»»
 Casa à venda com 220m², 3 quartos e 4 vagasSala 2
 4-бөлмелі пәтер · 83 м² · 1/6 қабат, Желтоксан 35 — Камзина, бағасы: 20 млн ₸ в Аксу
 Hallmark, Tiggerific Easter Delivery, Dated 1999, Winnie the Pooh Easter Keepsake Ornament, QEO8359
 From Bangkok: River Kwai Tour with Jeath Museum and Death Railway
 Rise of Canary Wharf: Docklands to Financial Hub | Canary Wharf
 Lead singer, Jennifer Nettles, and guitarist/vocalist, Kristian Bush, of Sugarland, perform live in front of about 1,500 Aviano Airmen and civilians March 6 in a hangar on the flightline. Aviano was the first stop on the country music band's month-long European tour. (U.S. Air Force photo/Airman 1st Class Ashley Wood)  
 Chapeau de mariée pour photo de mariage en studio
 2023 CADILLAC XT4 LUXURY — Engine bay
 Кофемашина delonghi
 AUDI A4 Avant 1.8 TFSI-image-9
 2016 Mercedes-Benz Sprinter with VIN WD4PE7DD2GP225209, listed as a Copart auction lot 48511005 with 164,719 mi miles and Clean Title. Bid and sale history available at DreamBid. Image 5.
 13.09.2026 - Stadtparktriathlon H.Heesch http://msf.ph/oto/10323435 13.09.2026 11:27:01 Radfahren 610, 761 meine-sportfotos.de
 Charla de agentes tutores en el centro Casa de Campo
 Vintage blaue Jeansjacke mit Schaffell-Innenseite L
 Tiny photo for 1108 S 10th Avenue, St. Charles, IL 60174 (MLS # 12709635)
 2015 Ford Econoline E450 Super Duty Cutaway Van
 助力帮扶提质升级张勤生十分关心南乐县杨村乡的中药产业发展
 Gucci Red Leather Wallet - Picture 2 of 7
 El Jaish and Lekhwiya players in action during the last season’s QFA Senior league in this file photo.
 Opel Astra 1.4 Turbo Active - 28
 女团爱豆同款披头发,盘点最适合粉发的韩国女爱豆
««
What the exercise asks
An exact, complete copy of the data is the only acceptable answer.

Output for this task
 Casa à venda com 220m², 3 quartos e 4 vagasSala 2
 4-бөлмелі пәтер · 83 м² · 1/6 қабат, Желтоксан 35 — Камзина, бағасы: 20 млн ₸ в Аксу
 Hallmark, Tiggerific Easter Delivery, Dated 1999, Winnie the Pooh Easter Keepsake Ornament, QEO8359
 From Bangkok: River Kwai Tour with Jeath Museum and Death Railway
 Rise of Canary Wharf: Docklands to Financial Hub | Canary Wharf
 Lead singer, Jennifer Nettles, and guitarist/vocalist, Kristian Bush, of Sugarland, perform live in front of about 1,500 Aviano Airmen and civilians March 6 in a hangar on the flightline. Aviano was the first stop on the country music band's month-long European tour. (U.S. Air Force photo/Airman 1st Class Ashley Wood)  
 Chapeau de mariée pour photo de mariage en studio
 2023 CADILLAC XT4 LUXURY — Engine bay
 Кофемашина delonghi
 AUDI A4 Avant 1.8 TFSI-image-9
 2016 Mercedes-Benz Sprinter with VIN WD4PE7DD2GP225209, listed as a Copart auction lot 48511005 with 164,719 mi miles and Clean Title. Bid and sale history available at DreamBid. Image 5.
 13.09.2026 - Stadtparktriathlon H.Heesch http://msf.ph/oto/10323435 13.09.2026 11:27:01 Radfahren 610, 761 meine-sportfotos.de
 Charla de agentes tutores en el centro Casa de Campo
 Vintage blaue Jeansjacke mit Schaffell-Innenseite L
 Tiny photo for 1108 S 10th Avenue, St. Charles, IL 60174 (MLS # 12709635)
 2015 Ford Econoline E450 Super Duty Cutaway Van
 助力帮扶提质升级张勤生十分关心南乐县杨村乡的中药产业发展
 Gucci Red Leather Wallet - Picture 2 of 7
 El Jaish and Lekhwiya players in action during the last season’s QFA Senior league in this file photo.
 Opel Astra 1.4 Turbo Active - 28
 女团爱豆同款披头发,盘点最适合粉发的韩国女爱豆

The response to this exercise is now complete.